Conway testified Ergonis and Radde punched and kicked him and threatened him with guns at Fulbright's house and at a rental home owned by Ergonis. He told jurors the men stole cash, earrings and his car keys from him as well.
He also told jurors Fulbright struck him repeatedly, stuck a knife in his ear and bit him while Larry Hammond and Ergonis stood by with guns. He claimed Fulbright also stole his gun and other items from his vehicle.
Both Ergonis and Fulbright told him he would die in the desert that night, Conway said.
He was so terrified, Conway said he made up a story about selling the jewelry to pay off a $16,000 drug debt and offered to help them get the jewelry back.
Conway testified he managed to escape when he was left alone with Fulbright for a short period of time. He moved to Boston within two weeks for fear Ergonis, who had not yet been arrested, would find him.
Fulbright, Hammond and Radde entered plea agreements in the case, but Ergonis has been on trial the last two weeks.
After deliberating about 10 hours over three days, the jury convicted him Tuesday of aggravated assault with a deadly weapon, kidnapping, armed robbery and aggravated robbery. They acquitted him on a second count of aggravated assault with a deadly weapon, choosing instead to convict him of a less serious assault charge.
Ergonis was not present for the reading of the verdicts, preferring to stay in his jail cell instead.
While the testimony of Hammond and Radde corroborated much of what Conway told jurors about being restrained, assaulted and threatened, Fulbright testified she never saw Ergonis threaten Conway or point a gun at him.
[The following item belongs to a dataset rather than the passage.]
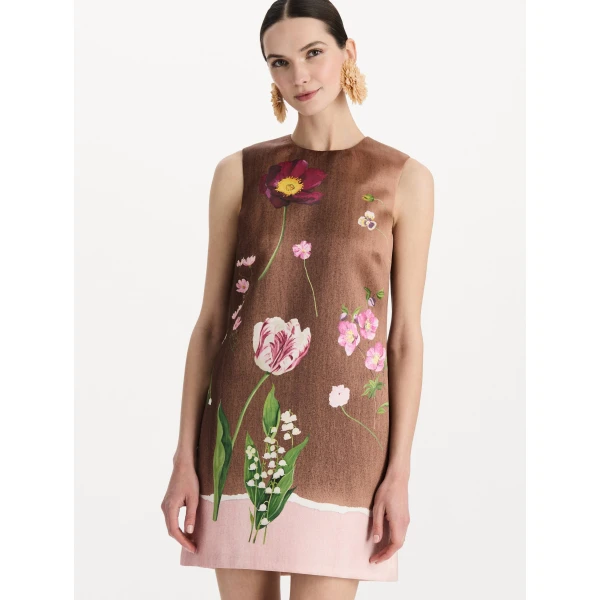Multicolour dress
Fulbright, 28, told jurors Conway stole $50,000 worth of jewelry and the plan was simply for Ergonis, 47, to talk Conway into telling them where the jewelry was.
Conway’s version of events doesn’t make sense, defense attorney Paul Gattone said during closing arguments last week.
Fulbright knew the value of the jewelry and she certainly wouldn’t have had Conway take it to a pawnshop, where she wouldn’t get the full value, Gattone said.
Gattone made light of Conway’s story of torture and fear, saying the state offered no credible evidence of either. Hammond and Radde were both drug addicts with criminal records who made deals to “save their behinds,” Gattone said.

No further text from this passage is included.